Search code examples
pythonnumpyperformanceany

Performance of numpy all/any vs testing a single element


I create an array that does not contain a single zero (let's ignore that it does, with zero probability, as np.random.rand() samples [0,1) uniformly). I want to check whether all values are equal to zero (for some other purpose the arrays may contain all zeros). Below are some timings.

Surprisingly to me, checking a single (nonzero) element is about 2000 times faster than using np.all() or np.any(). I would assume that the compiler internally replaces np.all() by np.any() of the inverse condition and that np.any()/np.all() returns True/False at the first instance that the condition is fulfilled/violated (i.e. the compiler does not create the entire array of True or False values first).
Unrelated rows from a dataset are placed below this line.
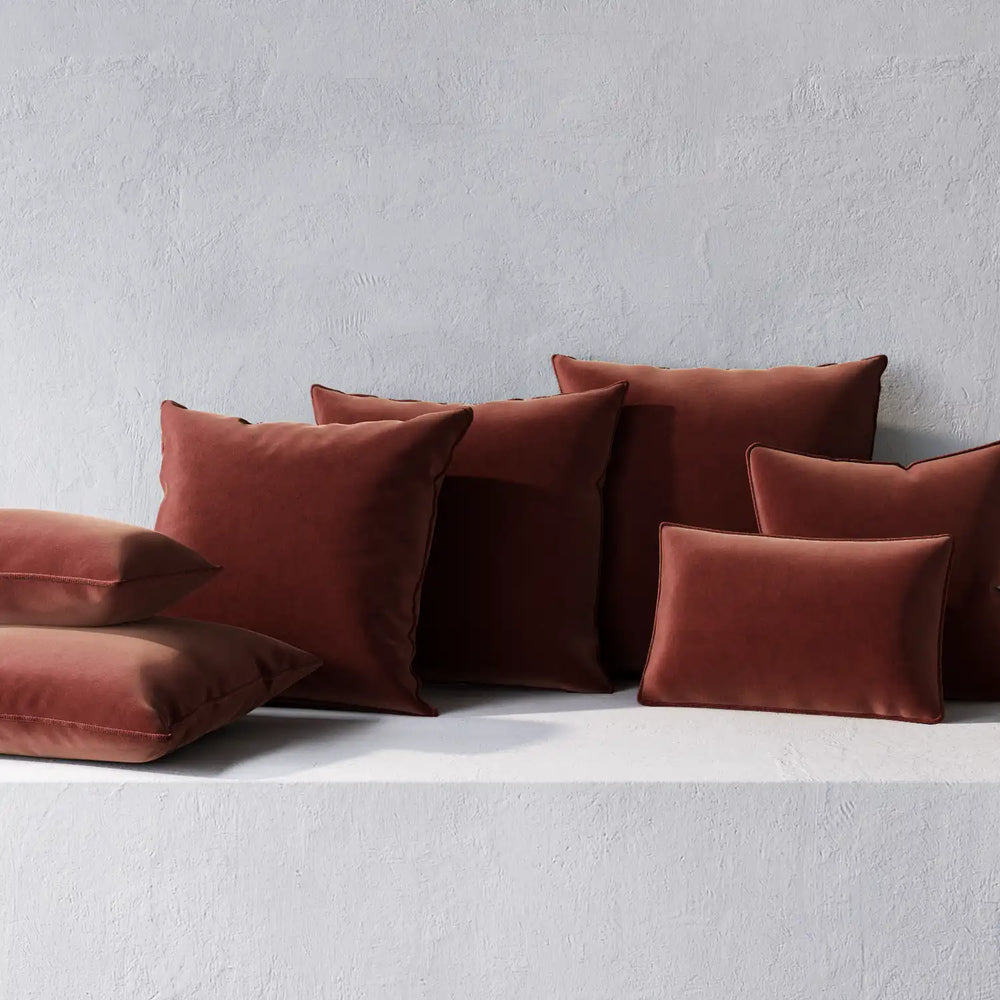 Lemieux et Cie Throw Pillows in terracotta with welted edges, soft pillows in multiple sizes arranged against textured white plaster wall.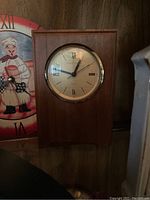 Wooden mantle clock with gold rimmed face and Roman numeral hour markers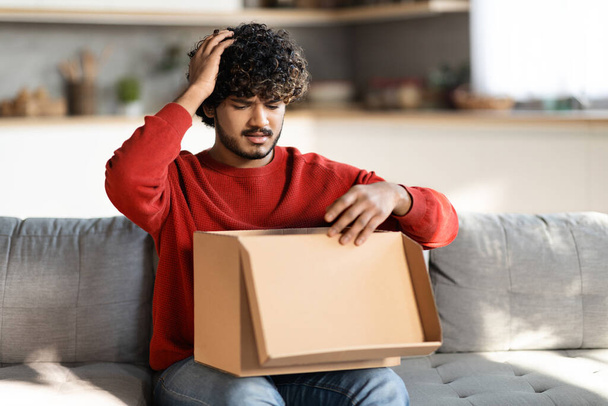 Upset Indian Man Opening Post Parcel And Touching Head In Shock While Sitting On Couch At Home, Young Eastern Guy Feeling Sad After Unpacking Box With Delivery, Looking At Wrong Item, Copy Space - Zdjęcie, obraz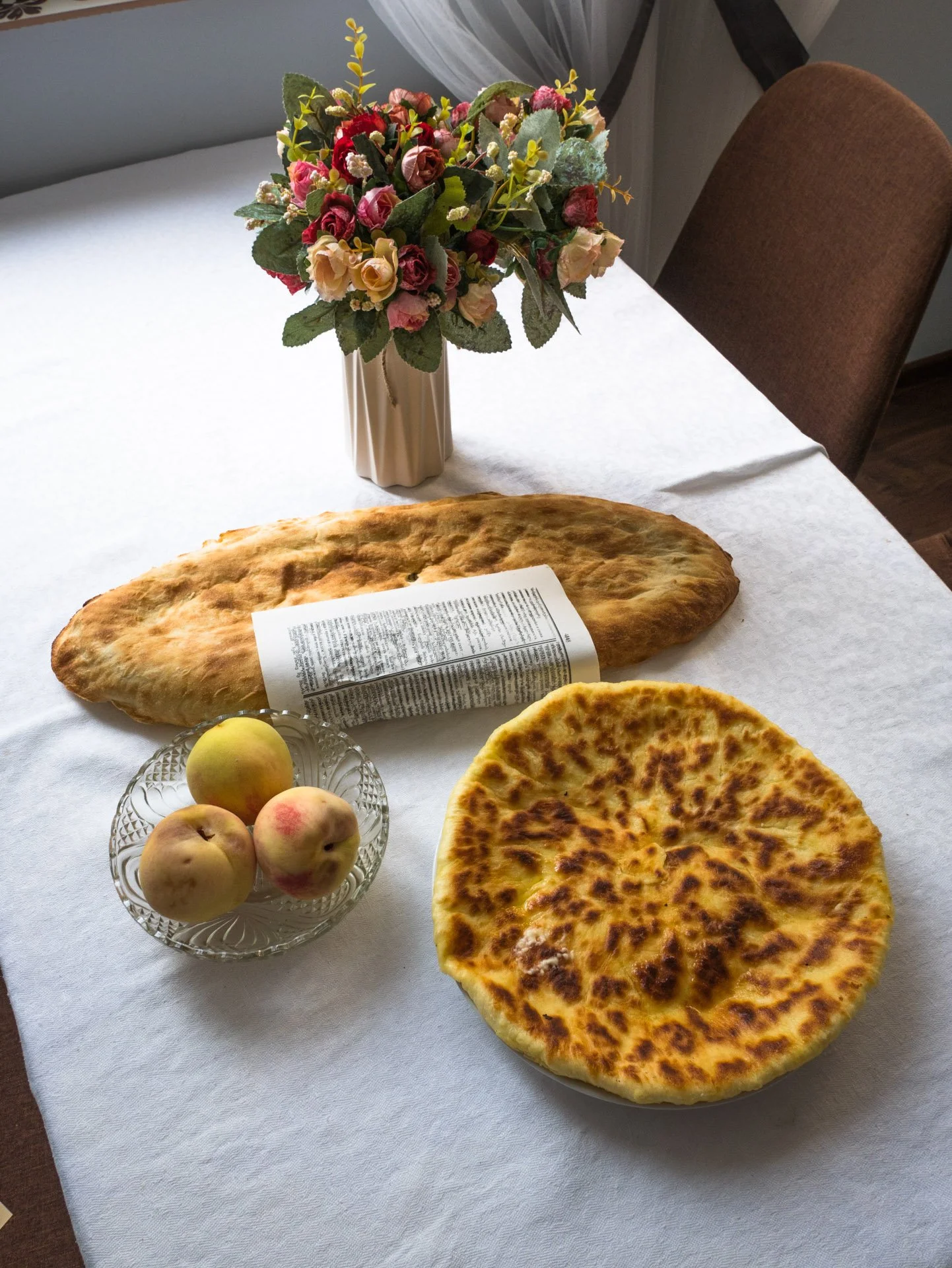 Freshly baked Georgian bread and peaches for breakfast in Tbilisi.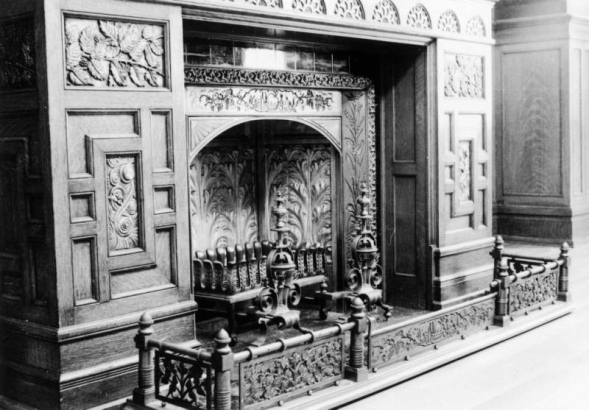 Interior view of a fireplace in the dining room of the David Moffat house at 808 Grant Street in the Capitol Hill neighborhood of Denver, Colorado. A decorative wooden mantle and metal grates are nearby.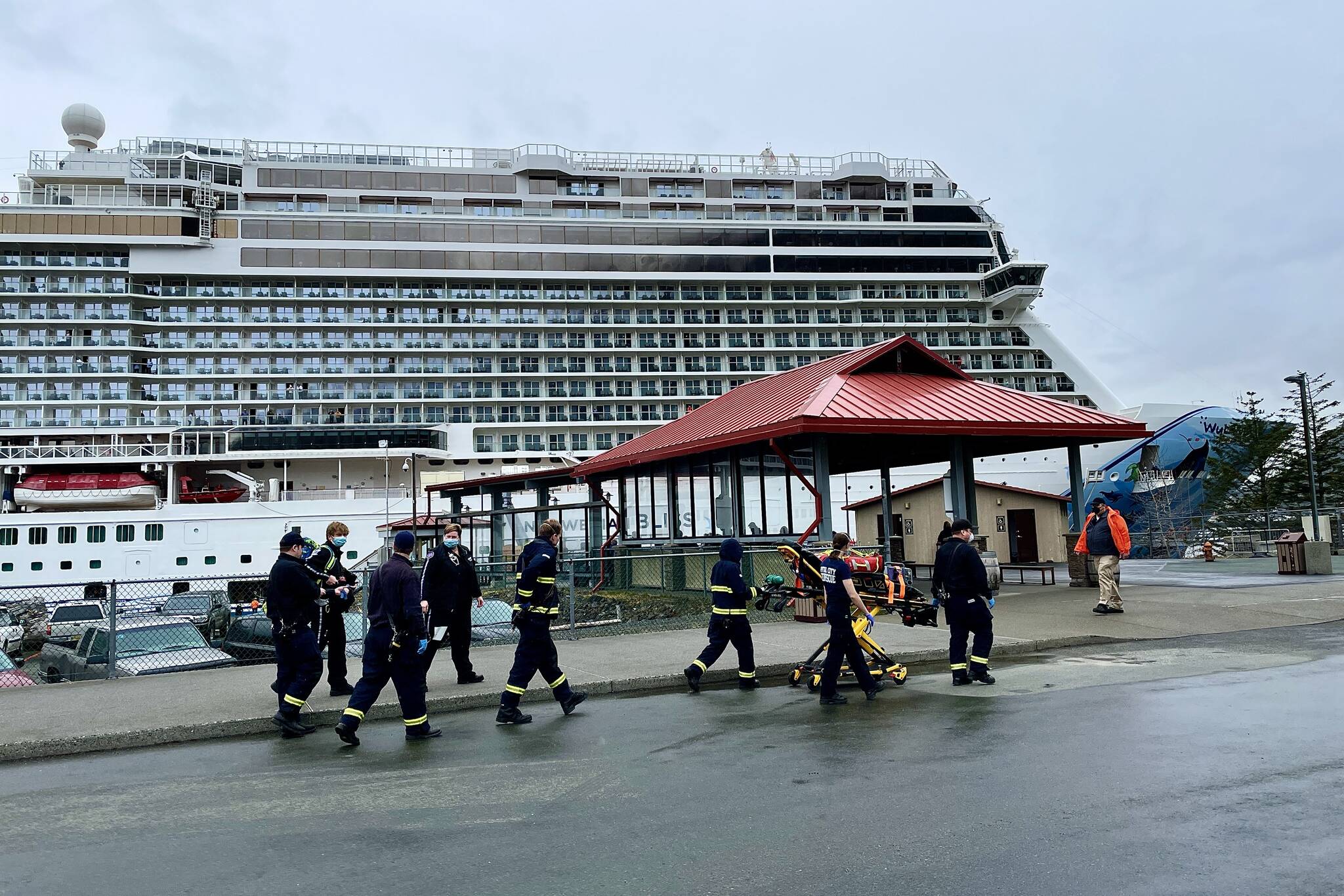 Capital City Fire/Rescue personnel go to transport a patient for medevac from the Norwegian Bliss, the first vessel of the 2022 cruise season, on April 25, 2022. (Michael S. Lockett / Juneau Empire)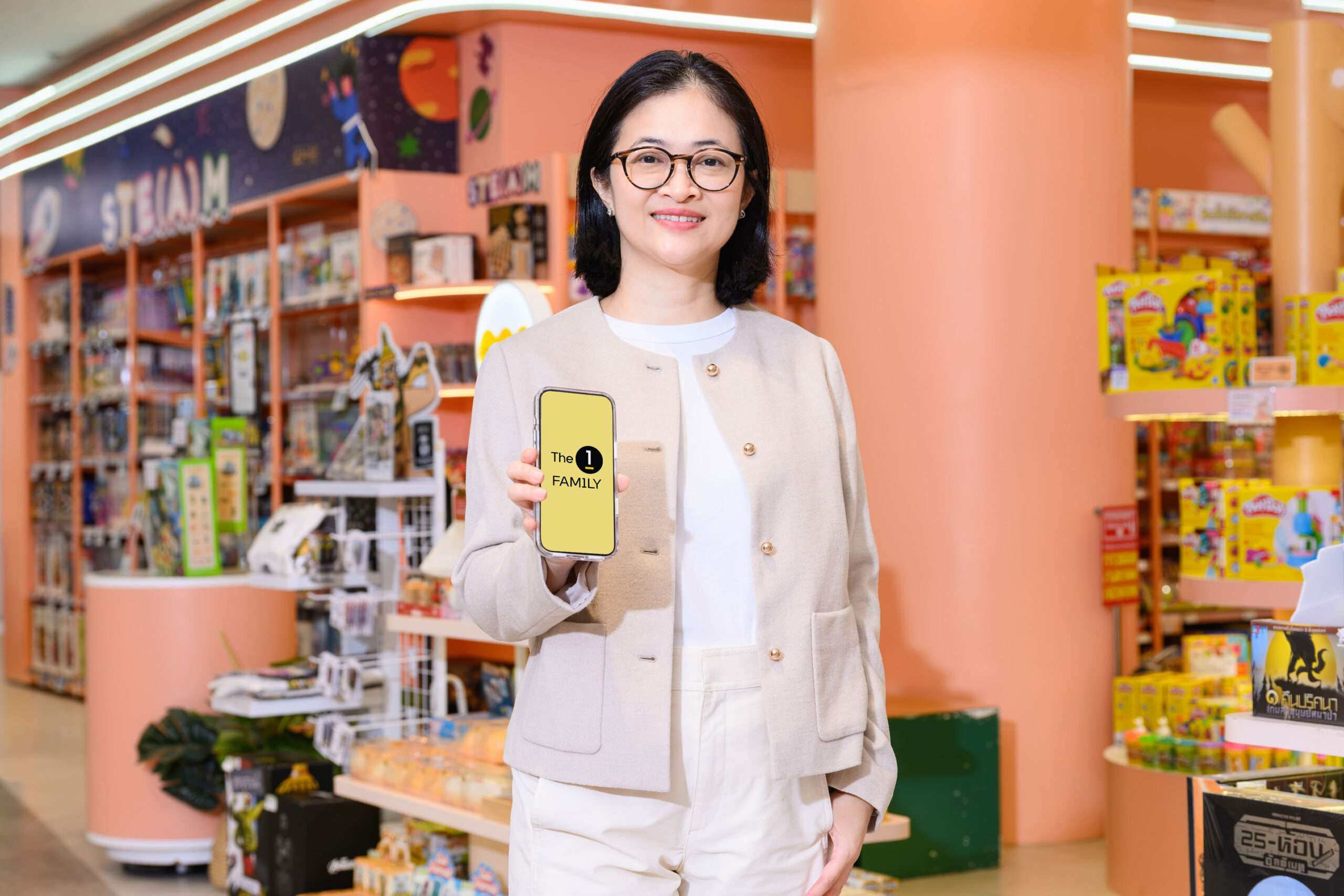 คุณทิพาภรณ์ ประสมทรัพย์ Head of Loyalty Program and CRM จาก The 1 Central Group ถือสมาร์ทโฟนที่แสดงหน้าจอแอปพลิเคชัน The 1 ยืนยิ้มอยู่บริเวณโซนของเล่นเด็ก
How comes np.all() or np.any() are that much slower when it would only have to check one element? Or is this because of the external knowledge I put that the array does not contain all zeros? In the case of an all-zeros array, I guess it might be too slow to do the boolean comparison separately for each element. I don't know about the performance of the underlying low-level algorithms, but each element needs to be accessed once independent of whether it goes one by one or creates the whole boolean array once.

import numpy as np

np.random.seed(100)
a = np.random.rand(10418,144)
%timeit a[0,0] == 0
%timeit (a == 0).all()
%timeit np.all(a == 0)
%timeit (a != 0).any()
%timeit np.any(a != 0)

# 400 ns ± 2.08 ns per loop (mean ± std. dev. of 7 runs, 1000000 loops each)
# 713 µs ± 382 ns per loop (mean ± std. dev. of 7 runs, 1000 loops each)
# 720 µs ± 1.17 µs per loop (mean ± std. dev. of 7 runs, 1000 loops each)
# 711 µs ± 407 ns per loop (mean ± std. dev. of 7 runs, 1000 loops each)
# 723 µs ± 630 ns per loop (mean ± std. dev. of 7 runs, 1000 loops each)

Solution

  • When you write a == 0, numpy creates a new array of type boolean, compares each element in a with 0 and stores the result in the array. This allocation, initialization, and subsequent deallocation is the reason for the high cost.

    Note that you don't need the explicit a == 0 in the first place. Integers that are zero always evauate to False, nonzero integers to True. np.all(a) is equivalent to np.all(a != 0). So np.all(a==0) is equivalent to not np.any(a)